- Supplied data
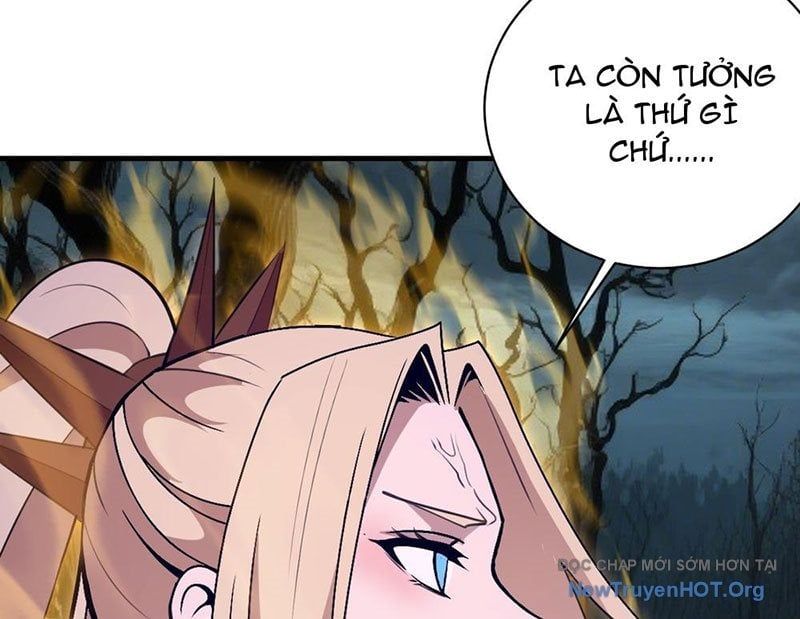 Ta Dựa Vào Hậu Cung Chinh Phục Thế Giới Chap 63 - Next Chap 64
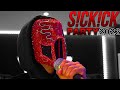 SICKICK Party Megamix Style No Copyright Music Dj Mix рџ Ґ Best Remixes And Mashups Of Popular Songs SICKICK Party Megamix Style No Copyright Music Dj Mix рџ Ґ Best Remixes And Mashups Of Popular Songs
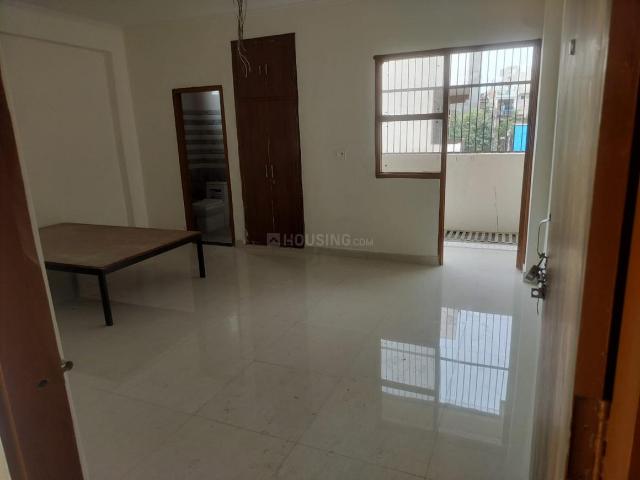House for rent in Bahlolpur, Arunachal Pradesh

- Work required
Copy all the material exactly; omit images.

- Response
 Ta Dựa Vào Hậu Cung Chinh Phục Thế Giới Chap 63 - Next Chap 64
 SICKICK Party Megamix Style No Copyright Music Dj Mix рџ Ґ Best Remixes And Mashups Of Popular Songs SICKICK Party Megamix Style No Copyright Music Dj Mix рџ Ґ Best Remixes And Mashups Of Popular Songs
House for rent in Bahlolpur, Arunachal Pradesh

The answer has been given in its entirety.